I just think that we should reconsider packaging everything, and instead focus on the things that are actually used and actually useful.

By virtue of how things even get added into the distribution in the first place, we are intrinsically already doing that. I’m not going to just shovel in the whole of PyPI into Fedora, for example. People submit stuff that they want to use, we don’t just automatically pull stuff into Fedora.

I will probably do the same if Fedora stops offering RPM packages for Flatpaked applications.

Admittedly, my practical experience here is ten years old, but I haven’t seen much indication of things getting better. The specific problems I (repeatedly) encountered are:

1. Web applications that expect modifications to config files, etc., in their application tree. This makes a messy mix with RPM content.
2. Applications which don’t upgrade cleanly just by having their files replaced. Some which expect you to upgrade through their own web interface.
3. Particularly with Java, specific jar versions being much more important than the Fedora packaging knows
4. Application bugs fixed in vendored packages in a way that doesn’t go back upstream (maybe even won’t be accepted upstream)

… but, yeah, I also agree that having RPMs or something like them brings a lot of upsides, and that the various language ecosystems and container approaches have thrown at least some of the baby out with the bathwater.

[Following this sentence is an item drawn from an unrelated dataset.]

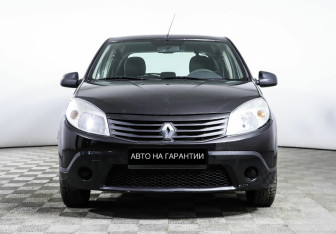 Подержанный автомобиль Renault Sandero 2012 года (2 фото)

So, this is actually why I’d like to keep at the “lightly maintained” packages idea. It hasn’t led to anything yet but there’s not like there’s an expiration date on the problem.

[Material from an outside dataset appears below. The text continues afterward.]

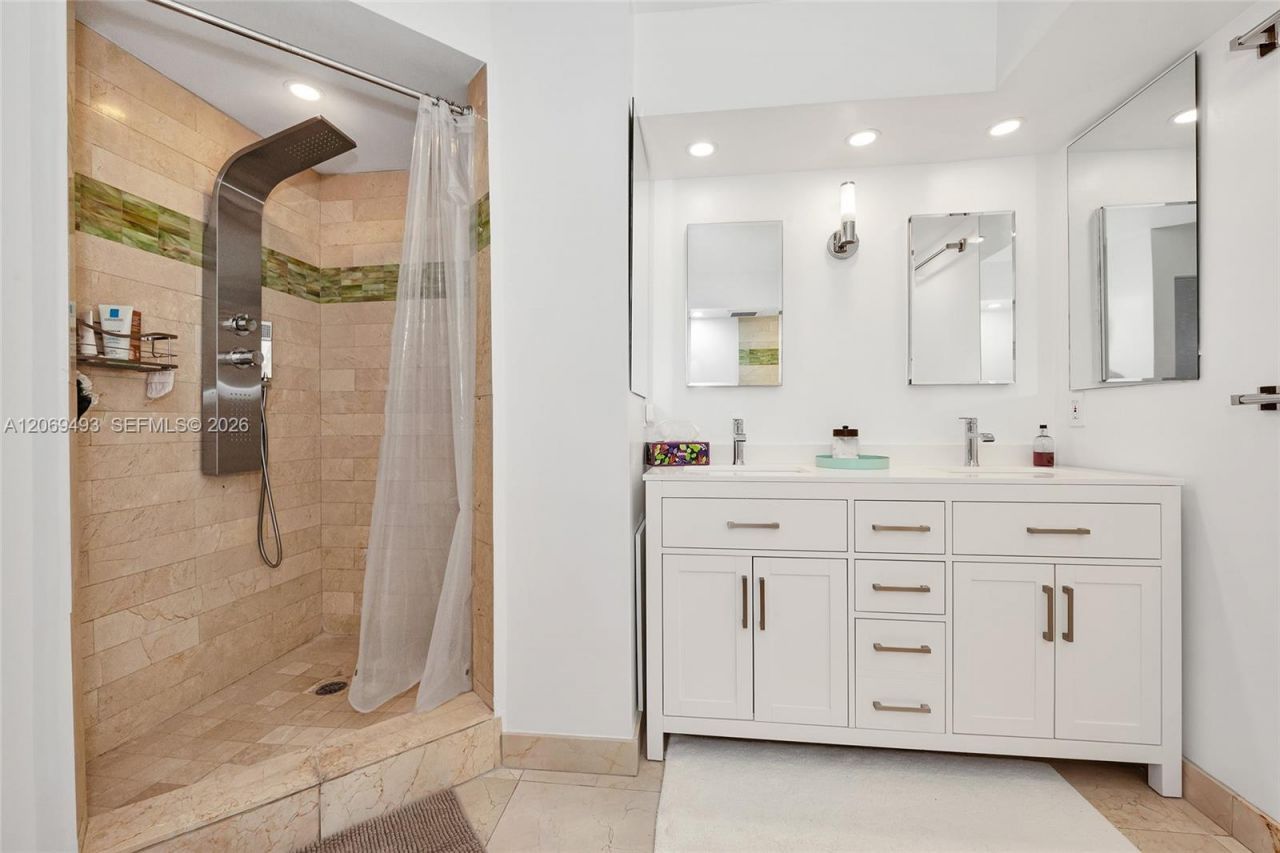 11 Island Ave, Unit 906, Miami Beach, FL 33139 Photo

This is a big issue. I have been trying to figure out how to help on various fronts (I have many interests, choosing where to help would be logical first step) for some time, but can’t easily tell which instruction(s) to follow.
To begin with, old versions of instruction pages, of which there seems to be several different versions, should direct to the most recent ones.
Most people will likely give up and go somewhere else to help if data is not readily available or leads up to nothing.

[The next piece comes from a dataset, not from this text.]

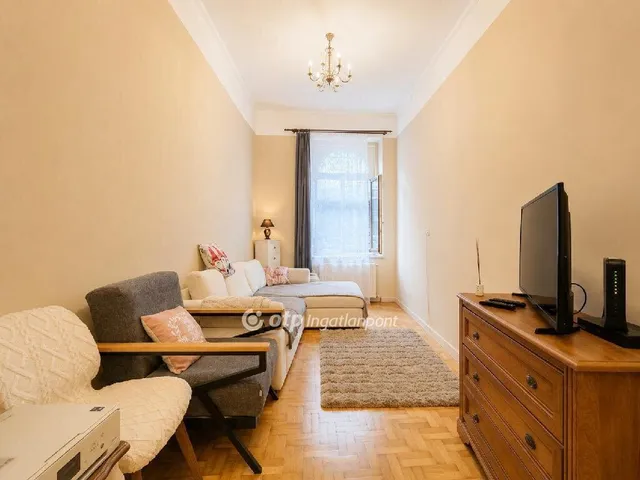 Eladó lakás Budapest VIII. kerület 52 nm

While I don’t maintain much packages, I noticed a lot of software I work with regularly are the kinds that could not be packaged in accordance to current Fedora packaging guidelines … as they are primarily complex server software that requires version locks to specific library versions (Hadoop, server apps written in Python, etc).

They are usually installed by me using vendored RPMS if available or, i just create a vendored RPM myself , ie: install on /opt, carry their own dependencies, integrate well by having systemd files, sane default config that respect filesystem hierarchy standard, entry point scripts in /use/bin, etc … On the same time, C libraries and headers provided by fedora RPMS are extremely useful and helpful for building these softwares and for installing their dependencies … without those RPMS, it would be frustrating …

Imho, … C based software with development headers or kernel modules should be always packaged as RPMS … while things that carry their own package managers like Python, node, ruby, etc, fedora should ideally provide the RPMS for the core interpreter and perhaps also provide tooling to help make it easy to create vendored RPMS for own use or for submitting to copr …

Over the years, I’m noticing quite a bit of old unmaintained package still land on latest fedora , simply because their builds never failed … but the software already no longer working … these imo need to be cleaned up sooner or later … And a better governance on what should or what doesn’t really need to be packaged hopefully would help …

The standards required for rpms to be included in Fedora are the reason I prefer them over flatpak. I know I can reproduce the build. I agree there is a problem packaging newer languages with their own distribution method. Not requiring individual packages for each library is probably the best we can do for the language specific distribution problem. I agree there is a problem with web appllications in particular.

I have only encountered one broken package in Fedora and it was removed later I presume because of that. I have found older version of software which have been annoying. Usually we are pretty good at getting new software. I created a VM of rawhide to get the latest godot at one point. Still waiting for nim 1.2. (I tried updating the package myself but couldn’t get it to work.)